Damage prevention news

First season of Wolf Prevention Intervention Units kicks off

7 April 2021
Aree Protette Alpi Marittime

The end of the training session in March marked the start of the wolf predation prevention support teams, which are ready for action from the 2021 alpine pasture season in many of the LIFE project’s intervention areas. To date, a total of 21 prevention support teams have been created and trained in two of the four Alpine countries involved, Italy and Austria: 16 teams are distributed throughout Piedmont, three in Valle d’Aosta, one in Austria and one in the Dolomiti Bellunesi National Park. More teams will be added in the coming months, thus covering all the main project areas. In fact, new teams are planned in France, Slovenia and other Italian regions, whose full effectiveness has unfortunately been slowed down by the pandemic, which has made it impossible to hold some of the planned training courses.

In all, there are more than 300 trained operators – including veterinarians, park rangers, provincial police officers and forest carabinieri – throughout the Alps. Their task will be to intervene to offer concrete help to farmers in preventing attacks.

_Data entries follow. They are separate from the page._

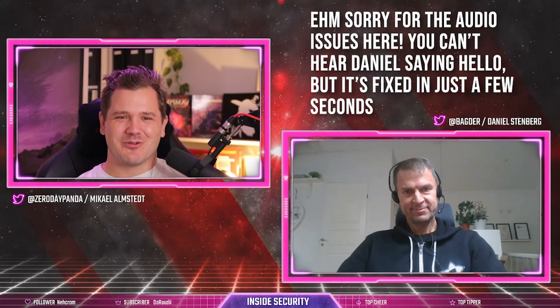Welcome to Inside Security, episode number 17 — the first episode I'm not live streaming on Twitch. So unfortunately we won't have the amazing Twitch chat, but we will still have a really interesting episode. Today's guest is the creator of something you're almost guaranteed to use on a daily basis without even thinking about it. Welcome, creator of curl!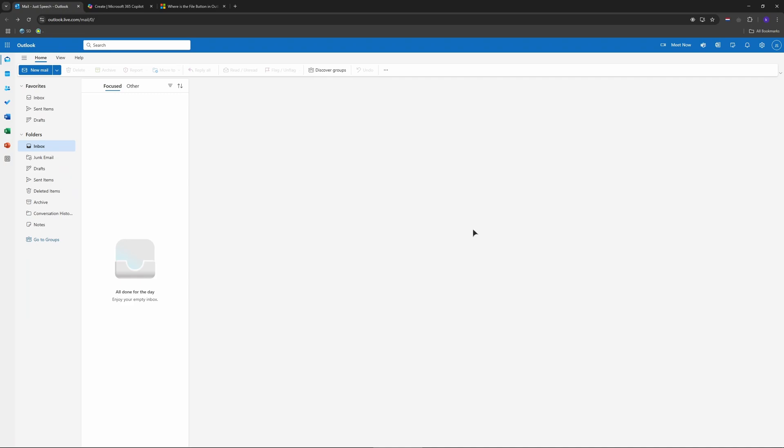You'll notice a cleaner ribbon but no file tab, as you can see nowhere like in the old days. So step two, it's not gone, just moved. Look at the top right corner.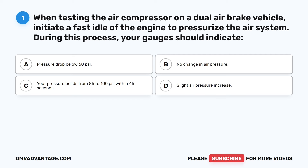Question 1. When testing the air compressor on a dual air brake vehicle, initiate a fast idle of the engine to pressurize the air system. During this process, your gauges should indicate: A. Pressure drop below 60 psi. B. No change in air pressure. C. Your pressure builds from 85 to 100 psi within 45 seconds. D. Slight air pressure increase.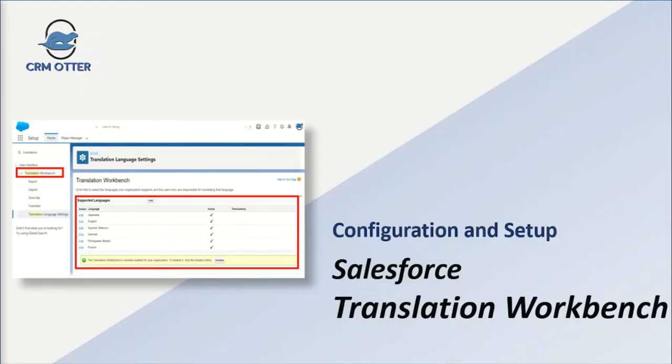In this short video I will show you how to use the Salesforce Translation Workbench to add translations for standard and custom fields.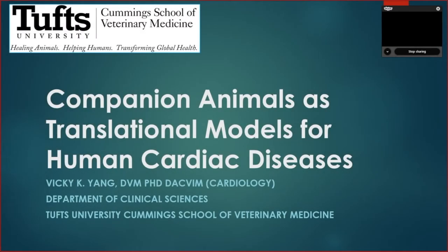So Vicky, thank you again for being here. We really look forward to your presentation. Thanks, thank you very much. I will get started with my slides.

In Piedmont, particular attention has been paid to the training of Local Health Authority veterinarians, who are the keystone of the system, as it is they who activate the Intervention Teams following the occurrence of a canid damage and establish the management and prevention context in which the attack took place. Upon notification by the veterinarian, the team is activated and coordinated in real time through a constant flow of information guaranteed by groups set up on WhatsApp. Again, on indications agreed with the veterinarian, the operators bring along prevention material (e.g. various components of the electrified fences) that is provided on loan to the farmer for a maximum of one year, to buffer the emergency. Once in the field, the measures needed to make the pasture safe are defined with the farmer and action is taken to implement them.

Further tasks of the Intervention Units are to provide all possible information to support local procedures for obtaining compensation and prevention support and to intervene with an expert capable of handling and resolving cases where protection dogs display problematic behaviour.